If life hands you lemons, make lemonade

As a provider of an online client feedback solution I get asked a lot about the impact proactively asking for client feedback can have on PI Insurance. There’s a common misconception that asking for feedback is effectively ‘inviting complaints’. In truth the FSA does not necessarily consider negative feedback as a formal complaint but it is their definition of a complaint, and it’s literal interpretation, that seems to be causing some confusion amongst the IFA community and PI Insurers.

The FSA handbook defines a complaint as “any oral or written expression of dissatisfaction, whether justified or not, from, or on behalf of, a person about the provision of, or failure to provide, a financial service, which alleges that the complainant has suffered (or may suffer) financial loss, material distress or material inconvenience.”
It’s a fairly far reaching definition which, taken literally, may suggest that negative client feedback from solicited surveys and questionnaires could constitute a complaint. In fact the FSA have provided this wide definition for a specific reason. Having referred the issue to the FSA’s Policy department, they confirmed that “The Handbook definition of a "complaint" aims to ensure that firms are unable to justify a failure to deal with complaints on the grounds that the complainant did not present his grievance in a prescribed format (say, filling out a form), or did not explicitly say he was making a complaint; hence the definition is drafted quite widely. That is, if a customer contacts a firm to express his dissatisfaction, the firm should investigate the matter regardless of how it was communicated (email, letter, telephone etc) and regardless of whether the customer specifically refers to his concerns as a "complaint". However, this does not necessarily mean that any negative feedback should be regarded as, and dealt with, as a complaint."

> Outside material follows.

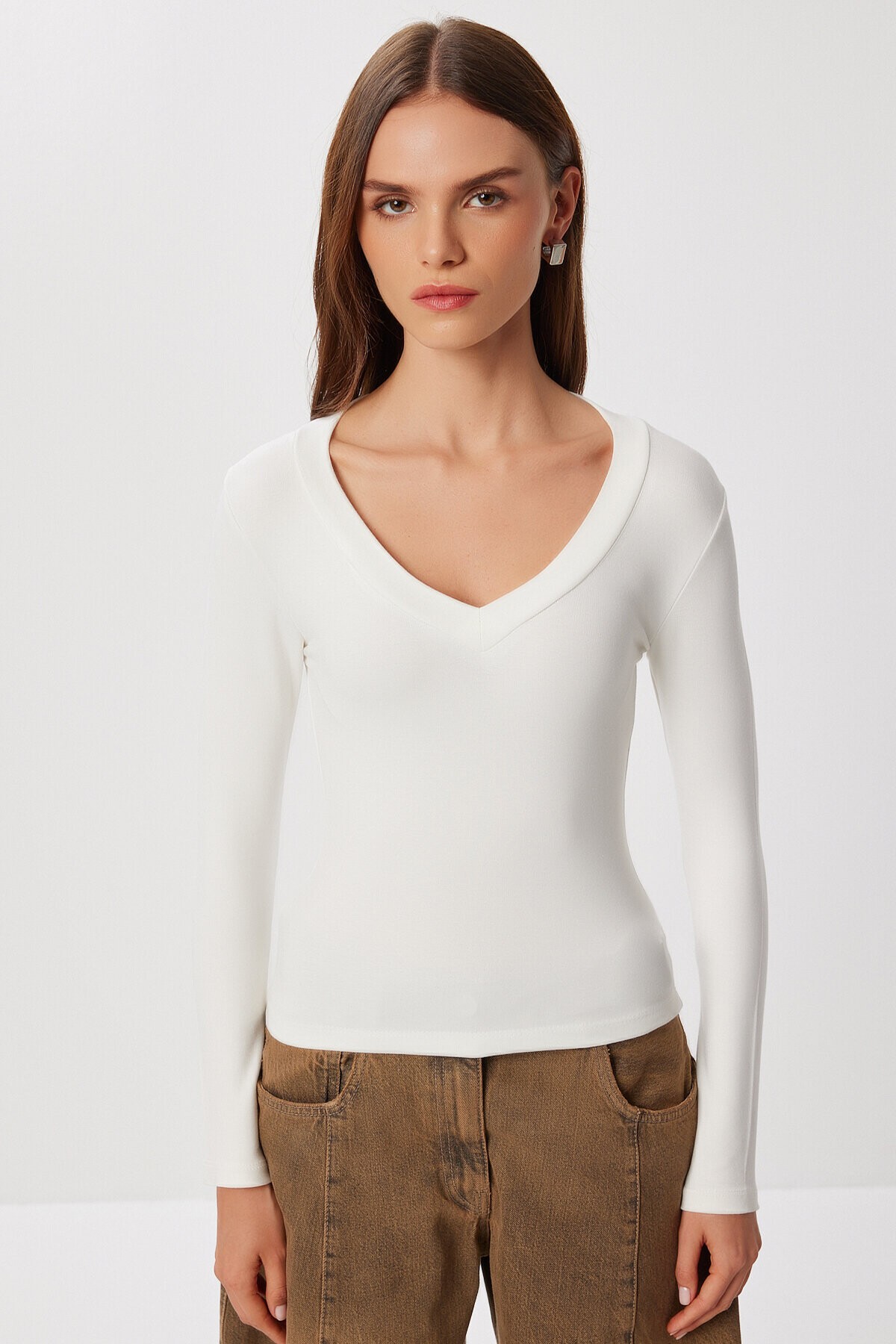 V Yaka Saran Basic Modal Bluz KEMİK LMW0029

It seems that the FSA are simply trying to prevent firms from wriggling out of their obligations to deal with a complaint by suggesting that the complaint did not reach them through a formal procedure, hence their rather broad definition. This ensures that firms must deal with complaints in whatever format they arrive in. As far as client questionnaires are concerned, what the FSA are in fact saying is that negative feedback should be taken as seriously as if it were a complaint and acted upon or investigated accordingly. What they are not saying is that every negative response to a client feedback questionnaire should be formally dealt with under a firm’s complaints procedure. It comes down to common sense as “Customer satisfaction questionnaires tend to ask the individual about his or her experience with the firm in generic terms, often with a focus on customer services. We need to consider whether the customer would reasonably expect an individualised response, or any response at all, to his or her feedback. In most cases, they probably would not - certainly not where the feedback is anonymous.”

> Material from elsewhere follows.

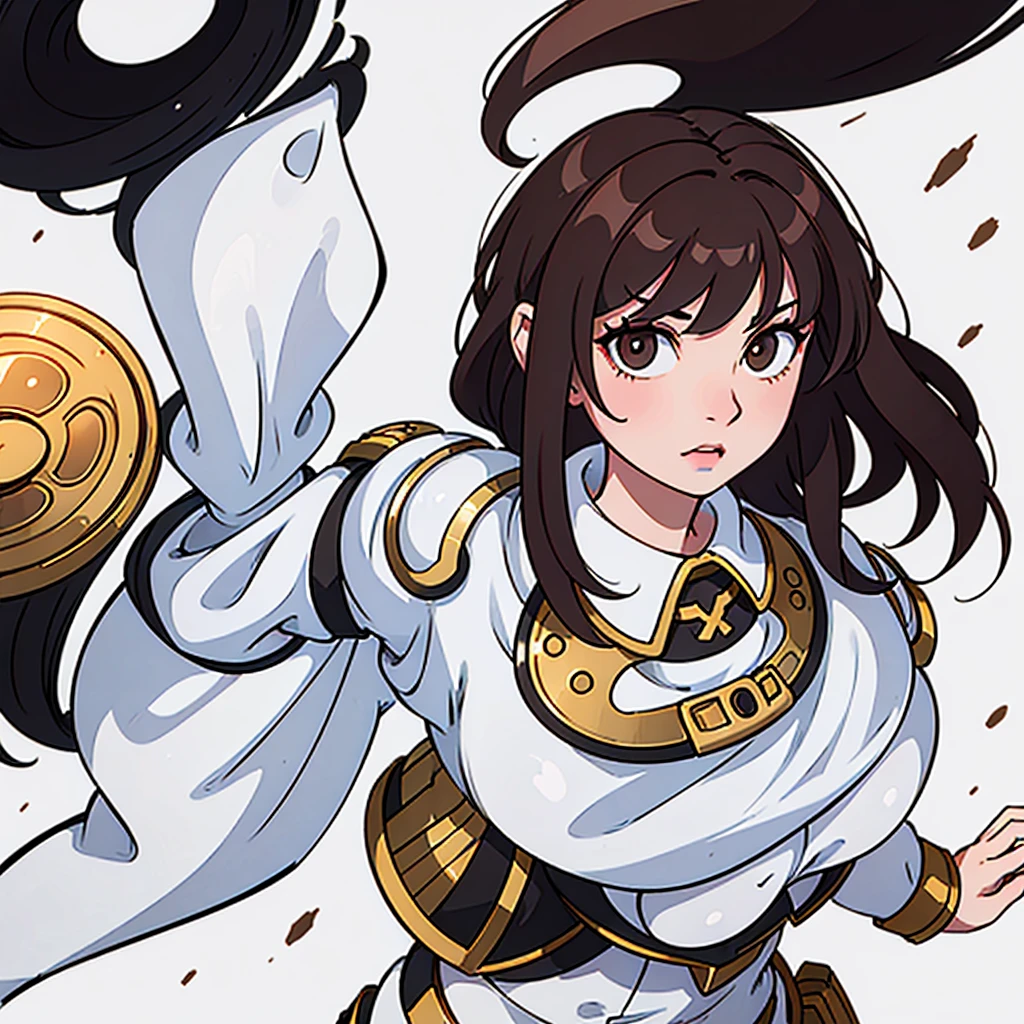 girl with brown hair, white skin and voluptuous body wearing shiny armor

Proactively asking for client feedback can bring huge rewards to a firm. Of course you should not simply ignore negative feedback, after all it helps you to continually improve what you do and everyone knows that if you can turn around a client who has expressed dissatisfaction with your service by dealing with their comments quickly and fairly then you will gain one of your most loyal clients. Any feedback provided by your clients should be monitored, understood and most importantly acted upon where necessary; whether it’s from a formal questionnaire process or indeed more informal ad hoc comments that are received.

It’s good business practice to find out what your clients think about what you do. Implementing a client feedback process where feedback is requests after each interaction with a client can help mitigate risks, ensuring that firms can quickly act upon any negative feedback before it escalates to a complaint and this is something that PI Insurers should look favourably upon.

According to the FSA, “
Only in unusual circumstances would feedback on customer satisfaction questionnaires constitute a potential complaint - say, if the questionnaire specifically asks if the client would like the firm to look into a particular point of dissatisfaction and provide a response, or provides any other indication that it is a vehicle for airing specific grievances on which the firm is expected to act.”

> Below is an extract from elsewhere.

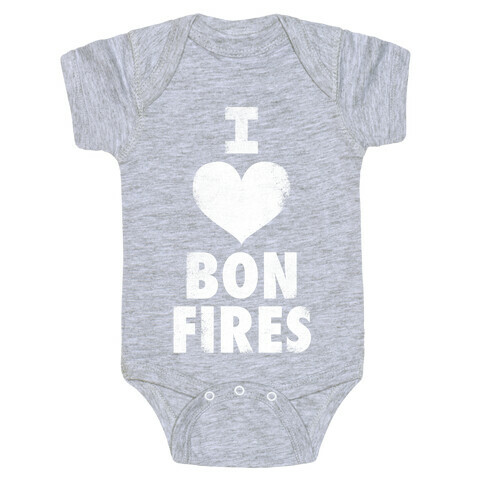 I Heart Bonfires (White Ink) Baby One-Piece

So don’t be afraid to ask for feedback, it makes good business sense. Always notify your PI Insurer but challenge them if they suggest that you could be inviting complaints. This is not the case and in fact from a PI perspective client feedback can help mitigate risk, especially if you can be alerted to negative feedback as it is received so that you can deal with it immediately. This means that for a client feedback process to really work you need to ensure that you can manage it and monitor feedback effectively, and most importantly you can take action where it is needed. This way you can deal with any negative comments or concerns as they arise; you can be responsive to your clients; you can make use of positive feedback for testimonials and referrals; you can confirm your client proposition.

Client feedback is a fantastic business development tool, manage it properly and you will satisfy the requirements of your business, the requirements of your PI Insurer and the requirements of the regulator.